Peter Roff 9:04: The stakes tonight are much higher for Vice President Joe Biden, who is much better known, than they are for Rep. Paul Ryan. Biden has much less room to make mistakes and his errors will be more meaningful. Ryan has more latitiude.
Robert Schlesinger 8:56: So what are the stakes tonight? Eight days ago I'd have told you that the vice presidential debate is among the least important events in the campaign season. Perhaps the best remembered single moment, after all, was Lloyd Bentsen schooling Dan Quayle about John F. Kennedy. But Bentsen went back to the Senate while Quayle moved into the Naval Observatory.

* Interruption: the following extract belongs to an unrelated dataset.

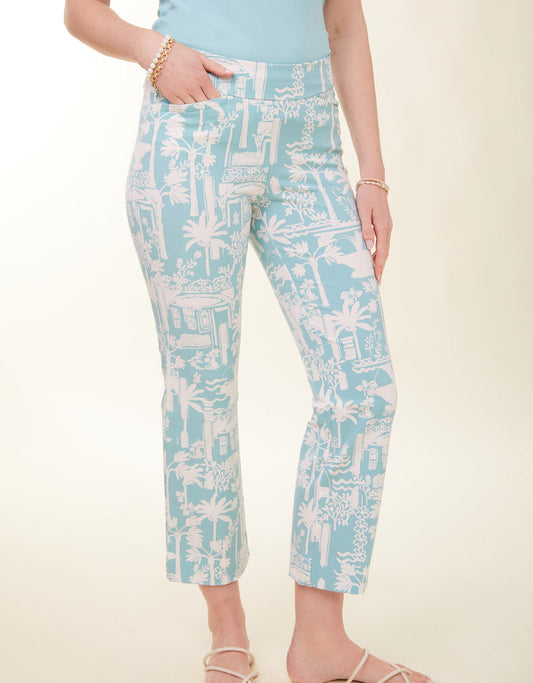  Maren Kick Flare Pant Enclave Palm Scene Aqua Haze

But eight days ago I'd have also told you (and did) that presidential debates rarely matter. I was right on the history but 2012 seems intent on going its own way.
Nevertheless, since it took a pair of remarkable presidential debate performances to shake up the race—Mitt Romney's deft, if mendacious A-game and Barack Obama's somnambulant flop—I'm not sure what Joe Biden and Paul Ryan would have to do tonight to make a serious mark in the race. But that, like they say in sports, is why they play the game.